New project on Thwaites Glacier

Dr Adam Booth will serve as a Co-Investigator of a collaborative research project Thwaites Interdisciplinary Margin Evolution (TIME) involving eleven US and UK scientists.

This project will use precision GPS, seismic, and radar instrumentation to collect new data constraining current behavior and future evolution of the side margins of Thwaites Glacier, which itself drains an area of the West Antarctic ice sheet twice the size of Ireland. These new data will help improve computer models used to predict the future contribution of this ice sheet to global sea level changes.

Thwaites Glacier accelerated recently and it has been called by scientists ‘the weak underbelly’ of the West Antarctic ice sheet that may abruptly increase its contribution to global sea level rise. Yet, this glacier is remote even by Antarctic standards. To unravel its mysteries two of the major research funding agencies in USA and UK, NSF and NERC, are launching the five-year International Thwaites Glacier Collaboration (ITGC). This initiative will support efforts of about hundred scientists from US, UK and five other countries working as part of eight different research projects. These projects will help predict future evolution of Thwaites Glacier and shine light on sensitivity of the Antarctic ice sheet to changes in climate.

Adam Booth said: “It’s extremely exciting to be applying cutting edge geophysical techniques to a globally important challenge - we’re throwing all the seismic expertise we’ve got towards understanding the evolution of Thwaites Glacier! It’s also exciting to be working with such a diverse network of international collaborators.”

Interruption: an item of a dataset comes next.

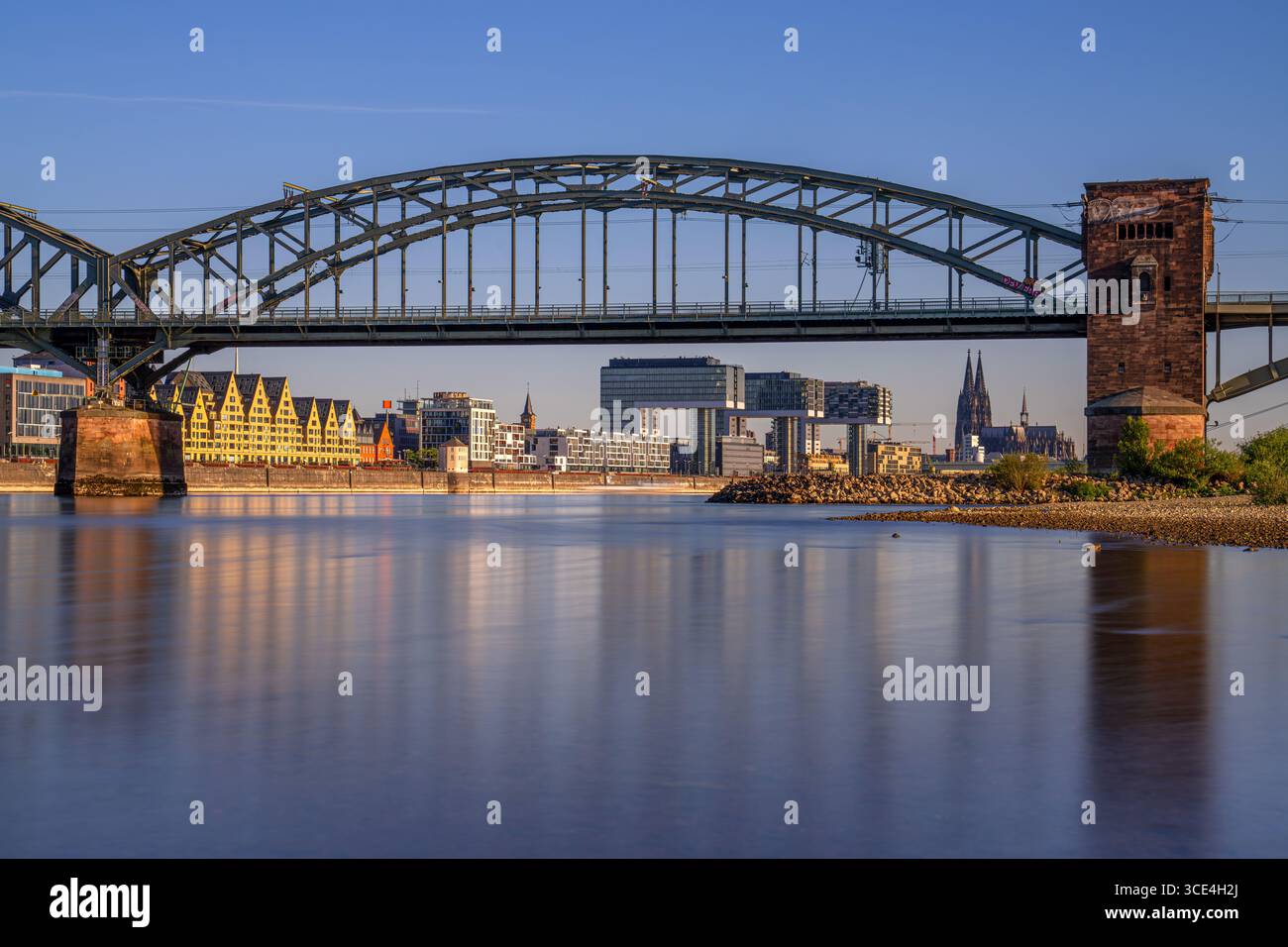 Köln, Deutschland - 12. Mai 2025: Panorama der Kölner Stadt am Rhein gegen Morgenlicht am 12. Mai 2025 in Deutschland, Europa Stockfoto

The TIME project will be co-lead by Dr Slawek Tulaczyk (University of California, Santa Cruz) and Dr Poul Christoffersen (University of Cambridge, UK) who will also focus on ice penetrating radar data collection with Dr. Dustin Schroder (Stanford University). Seismic investigations will also involve Galen Kaip, Marianne Karplus and Steven Harder (University of Texas, El Paso), as well as Drs. Norimitsu Nakata and Jacob Walters (University of Oklahoma). The development of improved computer models will be executed by Drs. Marion Bougamont (University of Cambridge, UK) and Jenny Suckale (Stanford University).